It's a problem I've had a few times and often the obvious advice does not work - that being rebooting, updating the firmware, changing DNS servers, parental controls, resetting to factory settings, etc. I've had issues with Waze not connecting through a Netgear Aircard hotspot, Echolink not connecting through neither my Huawei or Netgear hotspots, and an OpenSpot2 device not connecting through specifically my Huawei device. There is never an easy and quick answer as these issues can be quite complex but here are some ideas to help troubleshoot it:
- Try to ensure first that the issue is with the hotspot itself and do this by either using your phone's LTE or 3G directly or trying a different hotspot that a friend has. Or try to connect via your home WiFi.

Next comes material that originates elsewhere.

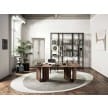 Gallotti&Radice Tortona bookcase studio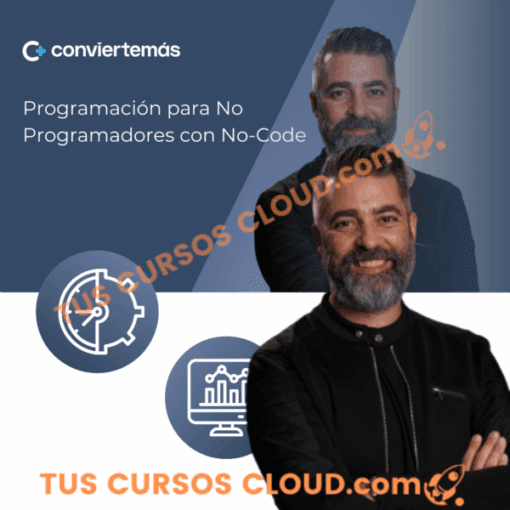 Programación para No Programadores con No-Code – Convierte Mas 7 programacion para no programadores con no code convierte mas 681174a2720ee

- Check the app's network ports requirements as many use specific custom ports and not the usual port 80 or 443. Bear in mind an ISP that you use could also be blocking some ports so it may not always be your device. I've had this problem with the Echolink app that wants access via ports 5198 and 5199. In this case, you can see if your device has port forwarding where you can set those ports to forward but a challenge is it often wants to send to a specific local IP address and your phone's IP could change later if you have lots of other devices connecting. Another option is sometimes to activate a DMZ but again it is for a specific IP address and then essentially your phone has no firewall between it and the Internet (it's open) but it helps diagnose,
- Custom WiFi channels can also be checked for as the usual ones are channel 1 to 11 for 2.4GHz (the Channel that is open for local devices to connect to the hotspot) but many router hotspot devices will also extend up to channel 14 and if set to Auto, will utilise channels 12-14. Try setting the channel on the device otherwise to either 1, 6 or 11 instead of Auto. This helped me with Waze not connecting via a Netgear router hotspot device.

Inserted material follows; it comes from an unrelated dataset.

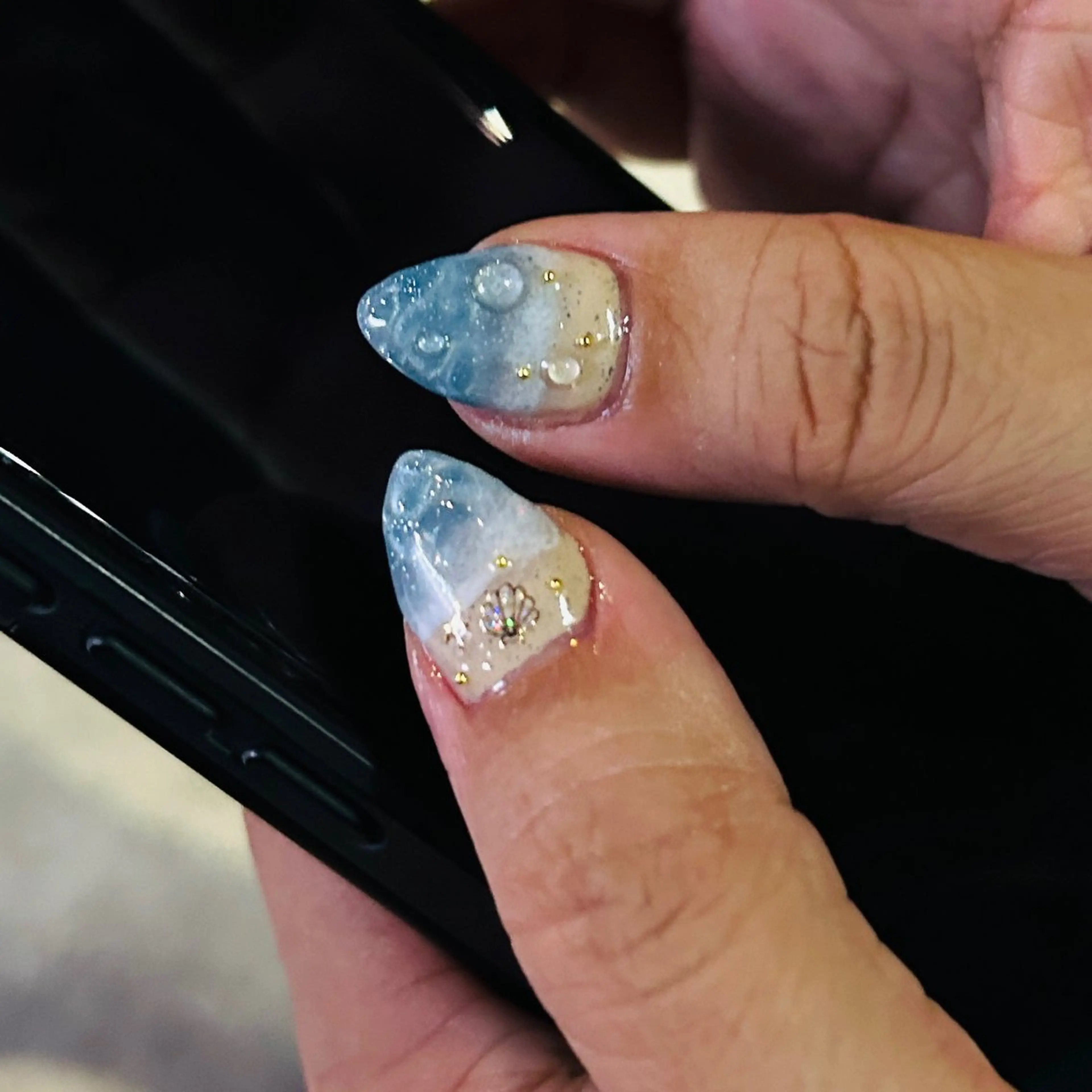 ネイル ハンドネイル ネイル空間所属・Hanna 🫧のネイルデザイン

- A more tricky one is the actual security protocol used by the phone or other devices to connect to the WiFi on the hotspot. Today the norm is WPA2 (less easy to hack) but I've had a case with my Huawei E5885L that my OpenSpot2 device refused to connect properly with WPA2 and the only way it connected reliably was to change the WiFi security to WEP. This not desirable but I was not the only person affected with this specific Huawei device. Yet the same OpenSpot2 device connects OK with WPA2 on a Netgear device's WiFi.

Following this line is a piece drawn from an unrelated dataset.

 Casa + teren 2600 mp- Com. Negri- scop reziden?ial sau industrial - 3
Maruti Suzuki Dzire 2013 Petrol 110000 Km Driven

- Try an Internet search for the specific service and the make and model of the hotspot as this is how I found the issue of the security protocol with the OpenSpot2 device - it seemed to be unique to this specific Huawei hotspot device.
- Try 2.4GHz WiFi specifically instead of auto-switch between 2.4 and 5GHz WiFi.
What makes mobile router hotspots more difficult to diagnose and fix is also the fact that they have fewer configuration options to work with versus their home router counterparts, especially with regard to assigning static IP addresses to connecting devices and firewall management.